DN 2010.04.28 Carlos Abreu Amorim

As comemorações do 25 de Abril resvalaram em cerimónias funcionalizadas, secas, maçadoras, desprovidas de significado real ou alegórico para o País. Foram os discursos esperados, repisados, com as mesmas laudes aos putativos heróis recorrentemente citados, com as proclamações vazias e as juras políticas afins às dos anos anteriores e continuamente incumpridas - a excepção foi Aguiar-Branco, que, pelo menos, conseguiu induzir algum humor provocatório naquela baça manhã de domingo.

O Presidente da República ainda tentou fabricar alguma confiança - mas fundar a reabilitação de um país arruinado por longas décadas de má governação no mar e nas indústrias criativas do Porto tresandou a um desejo de esperança já desesperada.

Este regime atingiu um ponto tal de descrença em si próprio que já nem sequer consegue celebrar-se com o mínimo de convicção.

Não admira - direitos fundamentais e Guerra Colonial à parte, pouco distingue o Portugal de hoje do País entristecido que sobrevivia no fim do regime anterior. Tal como em 1974, somos agora um dos lugares mais atrasados da Europa. Hoje, também, a nossa economia está atascada na cumplicidade negocial dos grandes grupos económicos com o Estado. Como então sucedia, em Portugal não há mercado - há conluio. Mantemos as desigualdades sociais e económicas mais dilatadas e a administração mais centralizada, ineficiente e cara dos países com os quais gostamos de nos comparar.

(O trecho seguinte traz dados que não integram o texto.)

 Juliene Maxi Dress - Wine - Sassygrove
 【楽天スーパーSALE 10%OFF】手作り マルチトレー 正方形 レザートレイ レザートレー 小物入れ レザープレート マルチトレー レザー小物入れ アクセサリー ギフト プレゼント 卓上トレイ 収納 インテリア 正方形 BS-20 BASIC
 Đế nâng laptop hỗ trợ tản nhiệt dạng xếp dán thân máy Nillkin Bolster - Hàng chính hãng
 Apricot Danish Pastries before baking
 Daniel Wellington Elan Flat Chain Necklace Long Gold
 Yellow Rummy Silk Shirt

Não foi por acaso que nos perpetuamos nesta infeliz condição. Se exceptuarmos um dos governos de Mário Soares e a primeira maioria absoluta de Cavaco Silva, o resto da go-vernação constituiu uma espécie de competição em que cada Executivo procurava comprovar que ainda conseguia governar pior do que o anterior - e com êxito assinalável, convenhamos.

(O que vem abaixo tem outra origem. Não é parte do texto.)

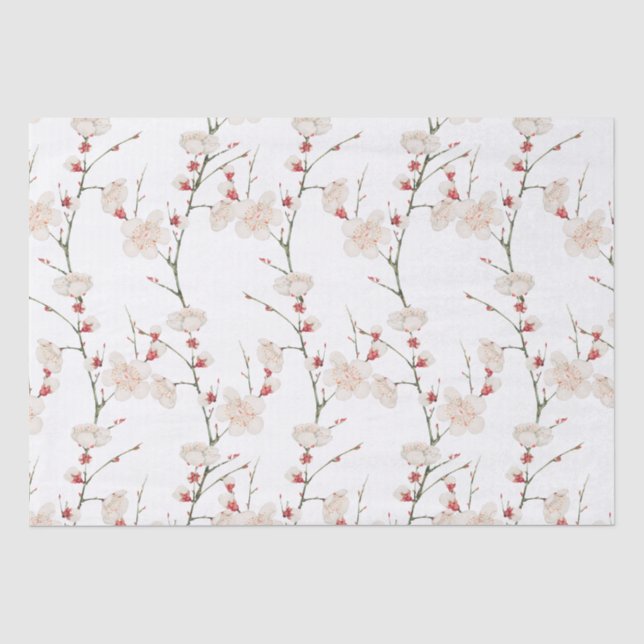 Kirschblütenmuster Boho  Seidenpapier (Vorderseite)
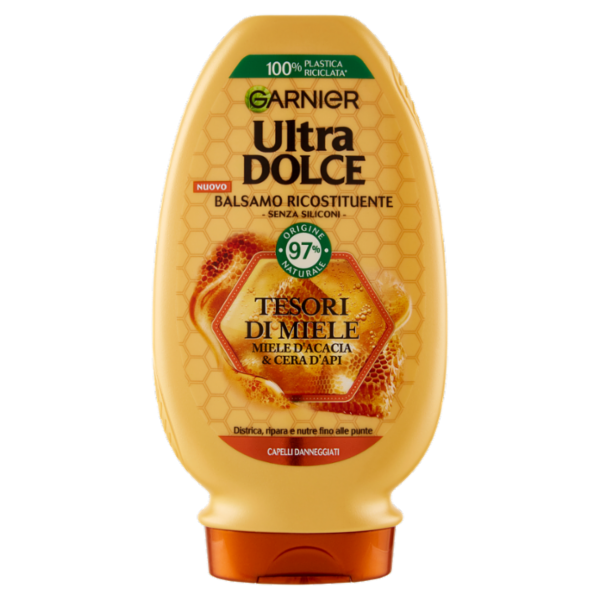 Garnier Ultra Dolce Balsamo Tesori di Miele con Pappa reale, rinforza i capelli fragili 200 ml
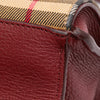 Burberry Small Leather and House Check Canvas Derby Macken Crossbody Secondhand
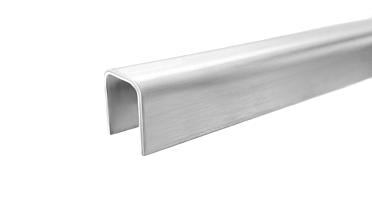 Профиль П-образный, L=2000 мм, t=1.5 мм, для стекла 12 мм, шлиф. (AISI 304) Ф-0455 купить в Санкт-Петербурге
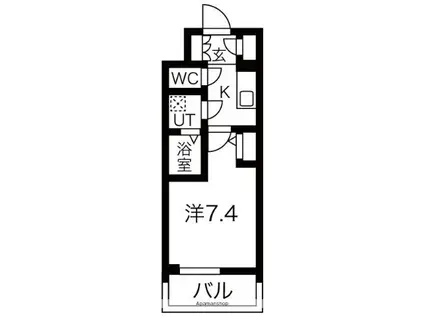 エスリード金山プルミエ(1K/8階)の間取り写真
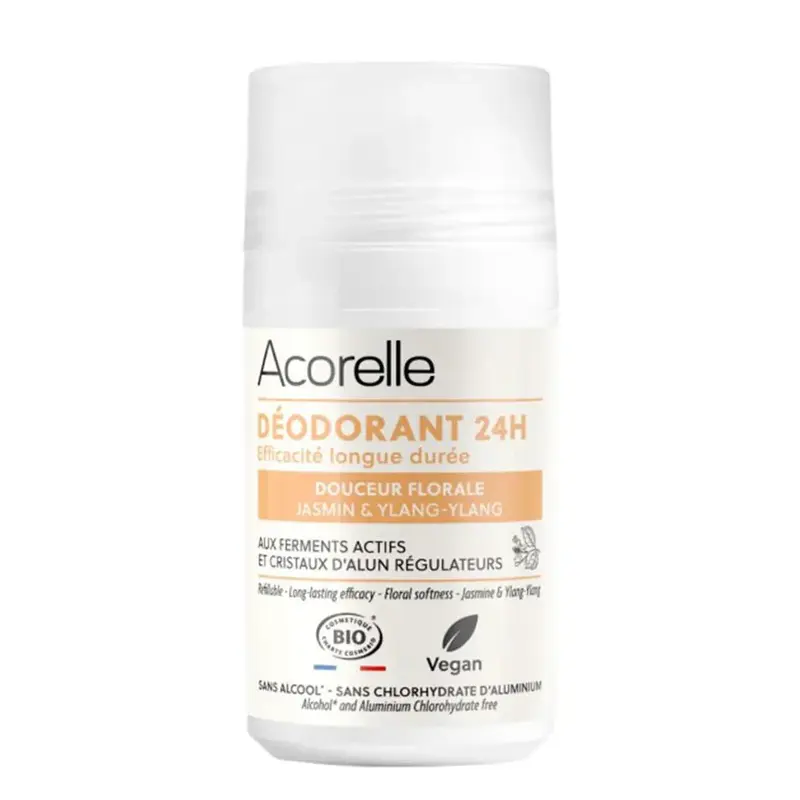 Acorelle Roll-on deodorant 24h long-lasting effectiveness Floral softness 50ml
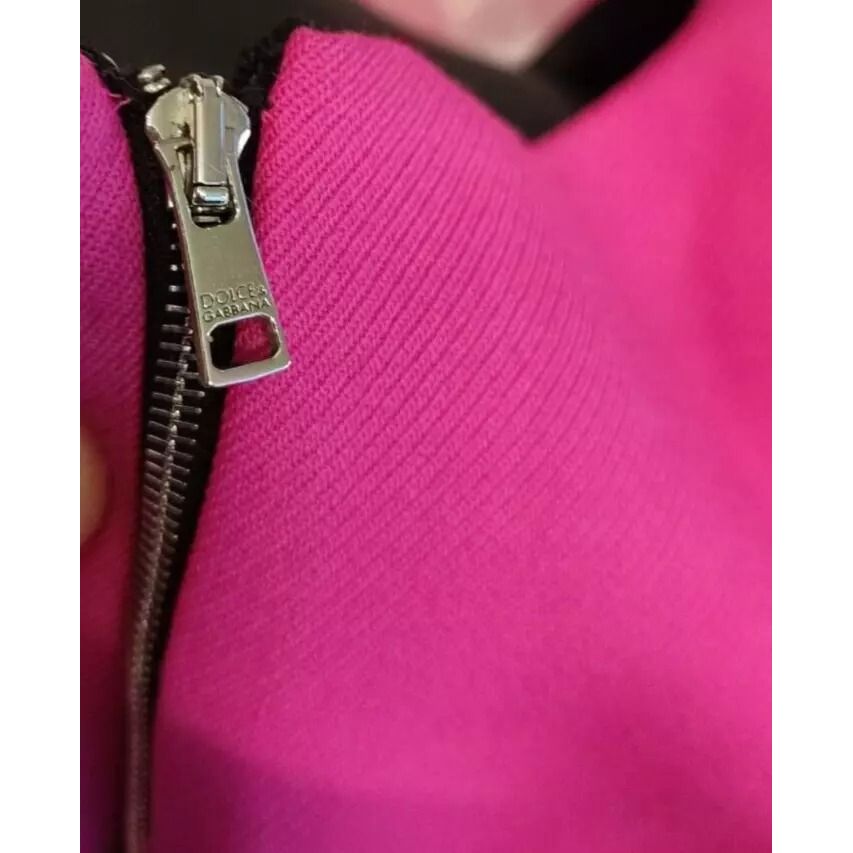 Dolce & Gabbana Pink Sleeveless Bodycon A-line Mini Dress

Mas o lado mais irrevogável da crise em que marinamos não é financeiro. A probidade dos homens públicos desceu a níveis de subsolo - sempre sob os olhos complacentes do sistema de justiça, este, sem dúvida, convertido no maior malogro da democracia. O recente acórdão da Relação de Lisboa no caso Névoa veio comprovar que, do legislador ao decisor, ainda se não apreendeu a lição de um grande jurista do séc. XIX, Jhering, que ensinava "não existir lei capaz de nos fazer esquecer o valor da inteligência". As polícias estão reduzidas à indigência de meios, os magistrados confundem a sua missão de decidir com a busca incessante em angariar pretextos formais para não o fazerem e sobejam as condenações internacionais de Portugal por decisões desmedidamente retardadas.

Tal como a monarquia, a I República e o Estado Novo, o regime que o 25 de Abril impôs falhou grande parte das suas apostas essenciais. E, pior, parece ter perdido a aptidão para se regenerar.

Resta-nos a União Europeia. Só a disciplina orçamental que esta nos obriga e os milhões que nos vai oferecendo impedem que Portugal desfaleça ainda mais. Porque, entregues a nós próprios, só nos sobraria esperar por um novo Salgueiro Maia que quisesse acabar com "o estado a que isto chegou". Para, alguns anos depois, claro, tudo voltar a ficar como dantes.